Henley students compete in SWIFT Challenge final
Two MBA students from Henley Business School have taken part in the final of the SWIFT Institute 2019 Student Challenge.
Jean-Philippe Richard-Charman and Ayaz Bin Sabir produced one of the top five ideas in the competition which invites both undergraduate and postgraduate students to invent solutions for financial sector problems.
The 2019 focus was how to use Artificial Intelligence (AI) to better detect fraud, especially as the Internet has paved the way, according to the project brief, for retail commerce being ‘no longer confined to traditional business hours; shopping can take place 24 hours a day, 7 days a week’.
Jean-Philippe and Ayaz’s team ‘xlpr!’ and their entry named ‘The Builder’ were competing for the chance to win £20,000, although sadly they did not win the prize.

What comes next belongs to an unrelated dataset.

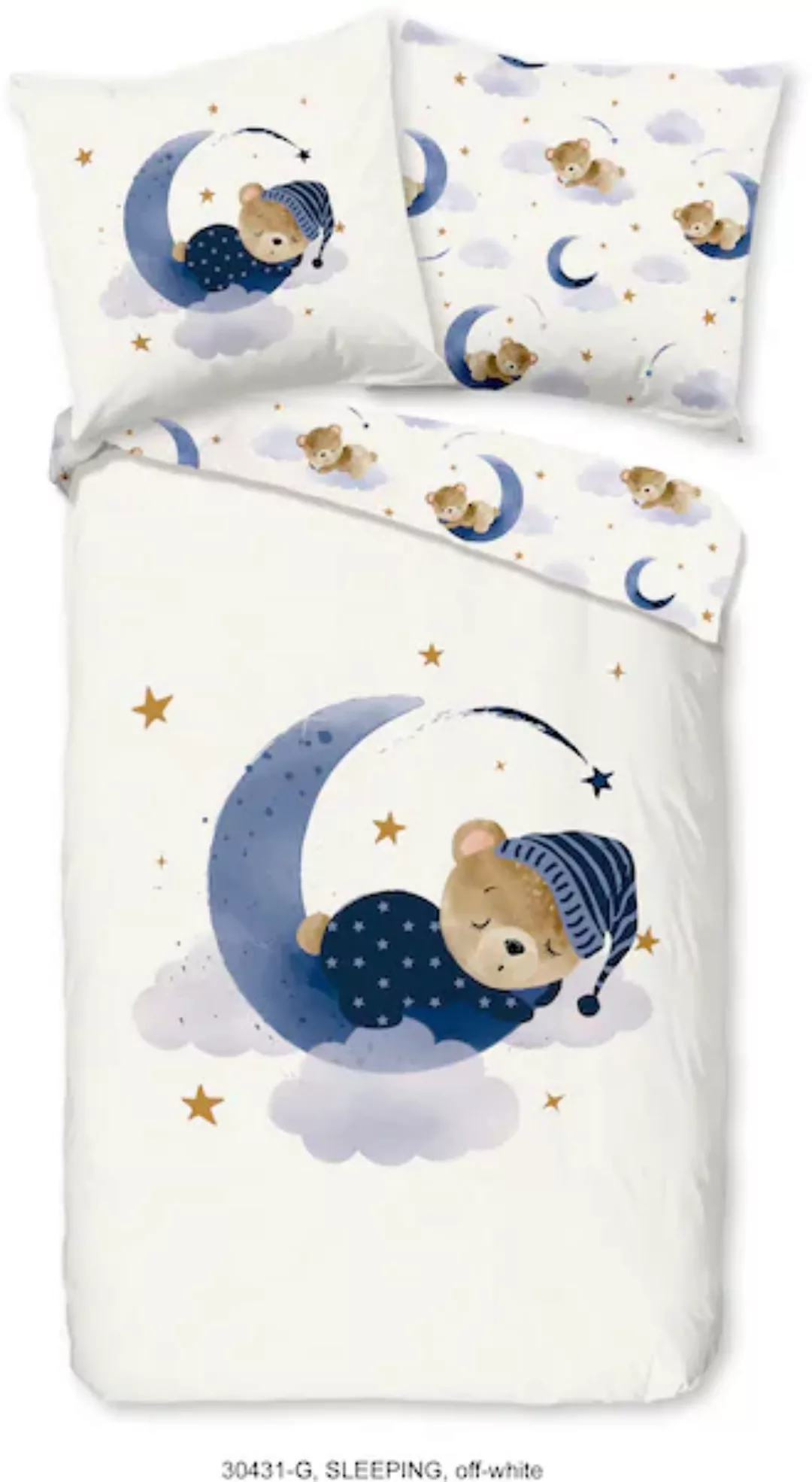 good morning Kinderbettwäsche »Sleeping Bear«, (2 tlg.) günstig online kaufen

‘The Builder’ utilises machine learning to introduce biometric verification systems for peer to peer transactions, instead of traditional manual cardholder verification. This machine learning would be based on the blockchain system, adding an extra layer of security to its operations. Preventing fraud is enabled by the system building a user profile based on their purchases and spending habits, allowing for potential irregularities to be spotted with ease.
The idea was envisioned from Ayaz and Jean-Philippe’s frustrations of having their cards blocked by their bank whilst travelling abroad, with the bank unaware of their travel plans. However, the information of the plane tickets being bought and subsequent taxi bookings and payments were from the same card for both transactions, which would suggest that access to one bank card would be needed.
Through a purchase learning platform that could be incorporated into the European Central Bank's TARGET Instant Payment Settlement process, this project looks to better the customer experience, the bank’s reputation and protect all parties’ finances. ‘The Builder’ increases security, enabling more trust from users and fewer fraud losses by detecting and preventing frauds at different points in the instant payments process.
Supported by the Google Cloud platform, the competition is open to anyone enrolled in any recognised university or higher education institution in Europe.
The best five ideas were pitched at the Sibos conference in London yesterday.
(This article has been amended to reflect that there were five ideas in the competition instead of eight.)